Washington, D.C. 20549-6010
Attention: Ada Sarmento
Suzanne Hayes
Jenn Do
Jeanne Baker
Re: 4D Molecular Therapeutics, Inc.
Registration Statement on Form S-1
Filed November 17, 2020
File No. 333-250150
Ladies and Gentlemen:
4D Molecular Therapeutics, Inc. (the “Company”) has submitted to the U.S. Securities and Exchange Commission (the “Commission”) on the date hereof Amendment No. 1 to its Registration Statement on Form S-1 (the “Registration Statement”). The Company previously submitted to the Commission a Registration Statement on Form S-1 (File No. 333-250150) on November 17, 2020 (the “Prior Filing”). The Registration Statement has been revised to reflect the Company’s responses to the comment letter to the Prior Filing received on December 3, 2020 from the staff of the Commission (the “Staff”), and we are hereby providing the Company’s responses to the Staff’s letter.
For ease of review, we have set forth below each of the numbered comments of the Staff’s letter in bold type followed by the Company’s responses thereto.
December 7, 2020
Page 2
Prospectus Summary
Our Therapeutic Vector Evolution Platform, page 2
| 1. | We note your revisions in response to prior comment 4. Please revise your disclosure on pages 2 and 118 where you discuss your head-to-head comparisons with conventional AAV vectors to state, if true, that you have not conducted any clinical studies in patients comparing your targeted and evolved vectors to conventional AAV vectors. Please also revise your disclosure on pages 2 and 118 that you “expect” to demonstrate the superior capabilities of your targeted and evolved vectors and product candidates as you advance through clinical trials to remove the expectation regarding how your vectors and product candidates will perform in clinical trials as such statements are speculative. |
Response: The Company respectfully acknowledges the Staff’s comment and has revised the disclosure on pages 2 and 118 of the Registration Statement and throughout the Registration Statement where applicable.

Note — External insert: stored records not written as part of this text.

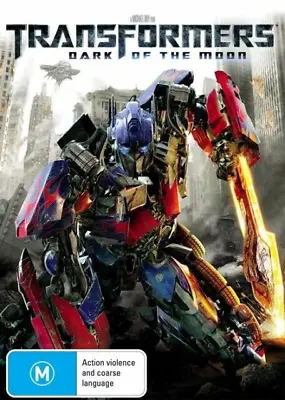 Transformers - Dark Of The Moon John Turturro 2011 DVD Top-quality • £10.93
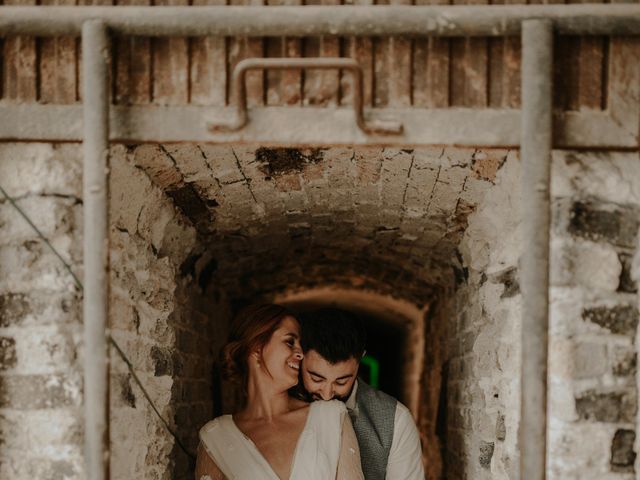 La boda de Jose y Luna en Otero De Herreros, Segovia 191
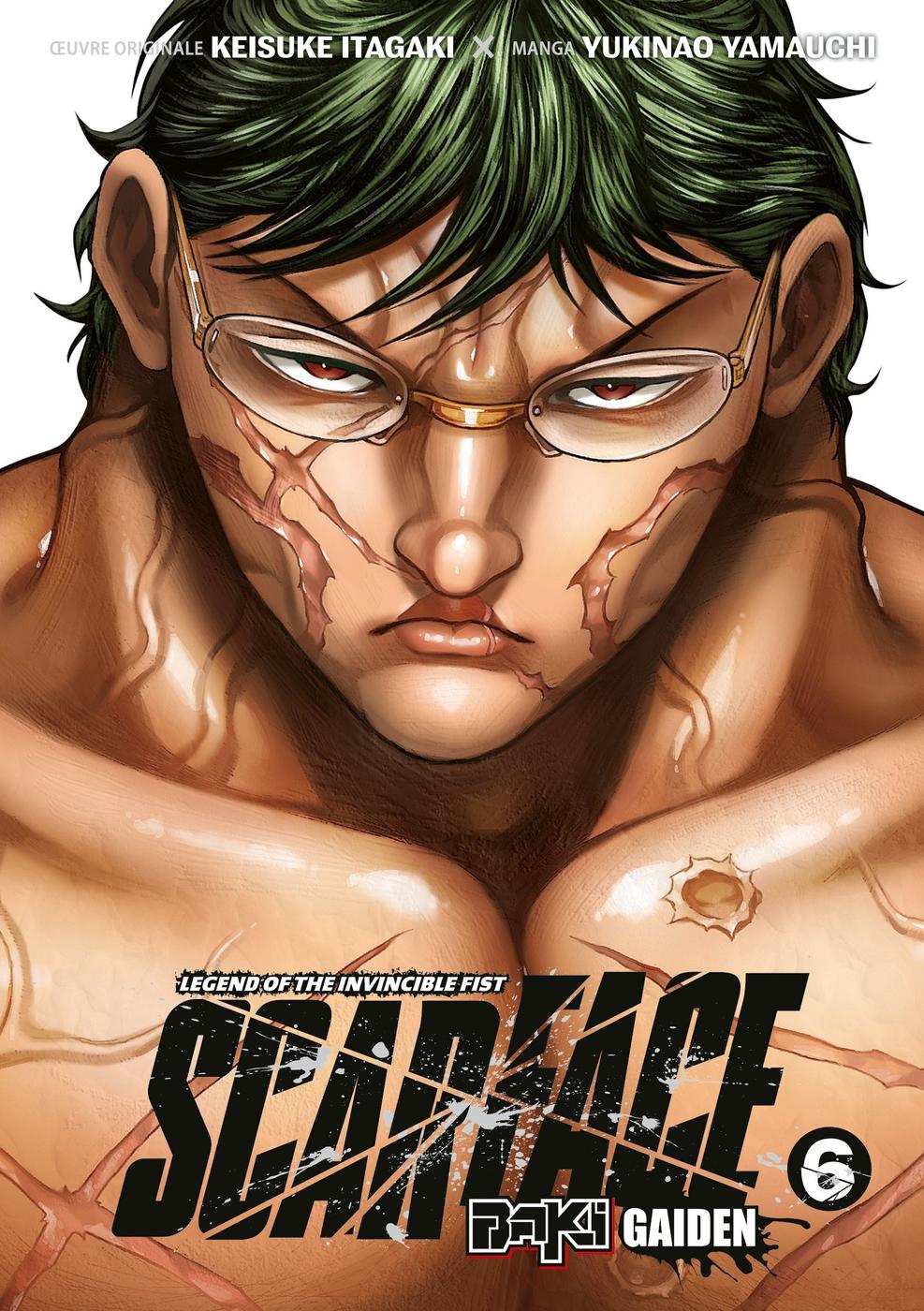 Couverture de l'album Baki Gaiden - Scarface 6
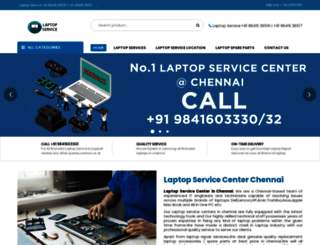 laptopservice-chennai.com screenshot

Our Product Candidate Pipeline, page 3
| 2. | We note the added table depicting your most advanced discovery and research programs. Additionally, we note that your filing does not include a discussion of 4D-3XX or 4D-7XX, which implies that these programs are not sufficiently material to your operations to warrant discussion. Please delete the references to these programs from your summary. |
Response: The Company respectfully acknowledges the Staff’s comment and has removed the references to these programs on page 3 of the Registration Statement and throughout the Registration Statement where applicable.

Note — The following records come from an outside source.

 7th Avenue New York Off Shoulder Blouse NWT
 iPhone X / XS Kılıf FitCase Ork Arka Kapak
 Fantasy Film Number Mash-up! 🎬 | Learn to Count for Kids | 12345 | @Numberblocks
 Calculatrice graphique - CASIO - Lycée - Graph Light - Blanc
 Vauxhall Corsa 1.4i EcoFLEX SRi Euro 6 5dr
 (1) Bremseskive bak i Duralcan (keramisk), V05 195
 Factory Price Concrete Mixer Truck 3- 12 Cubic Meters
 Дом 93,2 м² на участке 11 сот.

| 3. | We note your response to comment 7 and believe TVP and Lead Optimization should be depicted together under a column heading such as discovery or research and development. A textual discussion of the program is a more appropriate place to make the distinctions regarding different tasks within a particular phase. |
Response: The Company respectfully acknowledges the Staff’s comment and has revised the disclosure on pages 3, 119, and 147 of the Registration Statement and throughout the Registration Statement where applicable.
Business
Competition and Differentiation: AAV Gene Therapy for wet AMD and Diabetic Retinopathy, page 155
| 4. | We note your response to prior comment 12. Please revise your statement that 4D-150 would be the only AAV gene therapy asset in wet AMD and DR that has shown |
December 7, 2020
Page 3
| superior transduction on human retinal cells ex vivo versus conventional AAV vectors such as AAV2 to clarify, if true, that your statement is based solely on in vitro studies you conducted comparing R100 to AAV2 discussed on page 138. |
Response: The Company respectfully acknowledges the Staff’s comment and has revised the disclosure on pages 153 and 154 of the Registration Statement and throughout the Registration Statement where applicable.

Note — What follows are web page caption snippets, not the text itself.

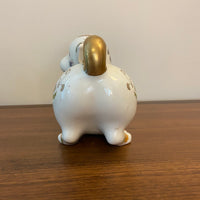 Vintage Franklin Mint Imperial Puppy of Sumatra 1987 Hand Painted Porcelain Figurine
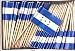 One Box Honduras Toothpick Flags, 100 Small Mini Honduran Flag Cupcake Toothpicks or Cocktail Picks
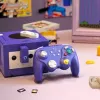 Mando NYXI Warrior para Switch 1 y 2 - morado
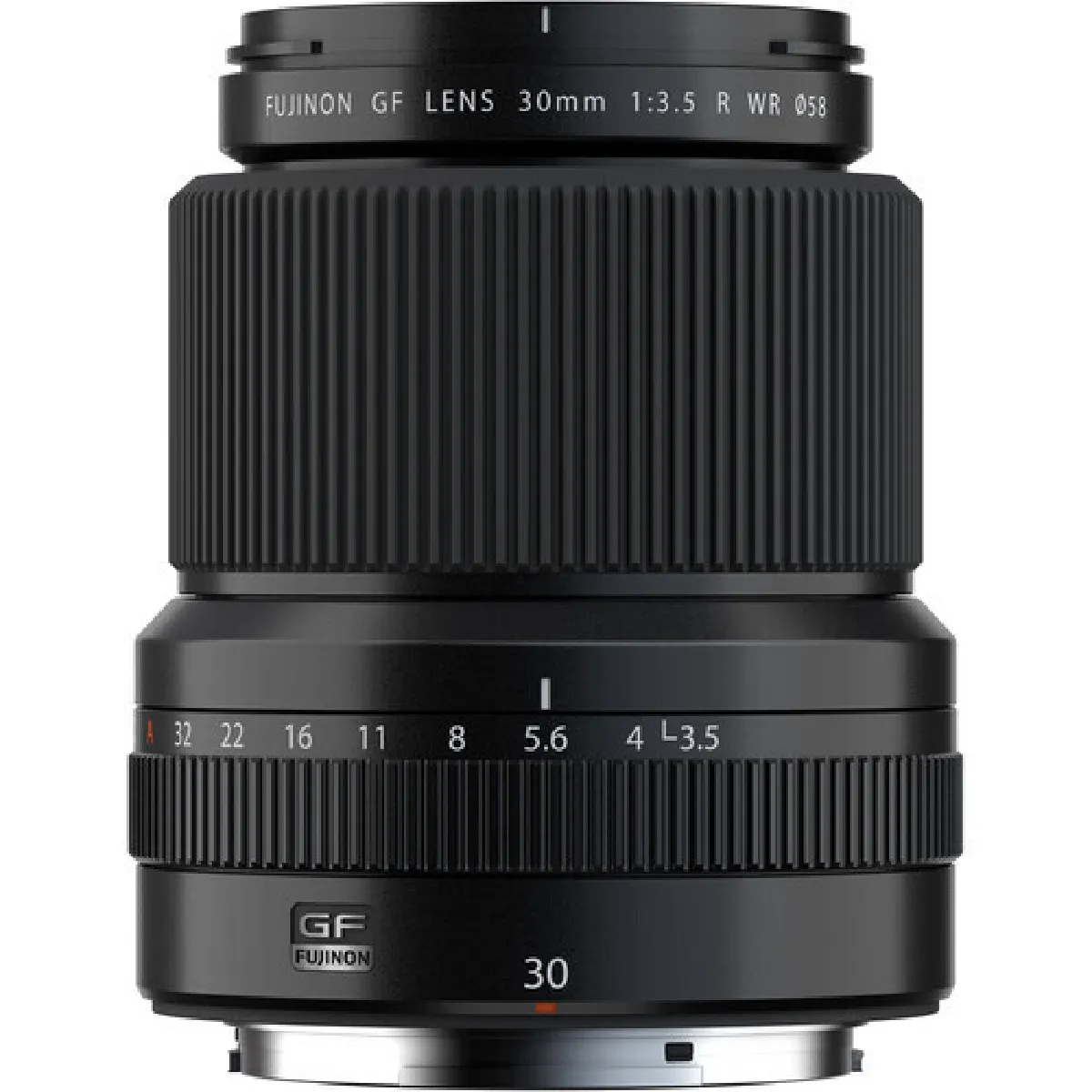 Fujifilm GF30mmF3.5 R WR F/32 - F/3,5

Principal Stockholders, page 222
| 5. | Please revise your disclosure to identify the natural person or persons who have voting and investment control of the shares held by the entities affiliated with BVF. |
Response: The Company respectfully acknowledges the Staff’s comment and has revised the disclosure on page 223 of the Registration Statement and throughout the Registration Statement where applicable.
10. Redeemable Convertible Preferred Stock
Funding Agreement with CFF (unaudited) page F-39
| 6. | We note the $10.0 million received from CFF is to “be used to advance the development program for 4D-710, the Company’s lead product in cystic fibrosis, or any other therapeutic approved by the Program Advisory Group (“PAG”) to alleviate pulmonary complications of cystic fibrosis”. With reference to the specific terms of the Funding Agreement, please address the need to separately classify the $10.0 million as restricted cash. Refer to Rule 5-02.1 of Regulation S-X. |
Response: The Company acknowledges the Staff’s comment and respectfully notes that Rule 5-02.1 of Regulation S-X requires separate disclosure of cash or cash items “which are restricted as to withdrawal or usage.” In response to the Staff’s comments, the Company notes that $10.0 million received from the Cystic Fibrosis Foundation (“CFF”) does not include any cash that is restricted as to withdrawal or usage.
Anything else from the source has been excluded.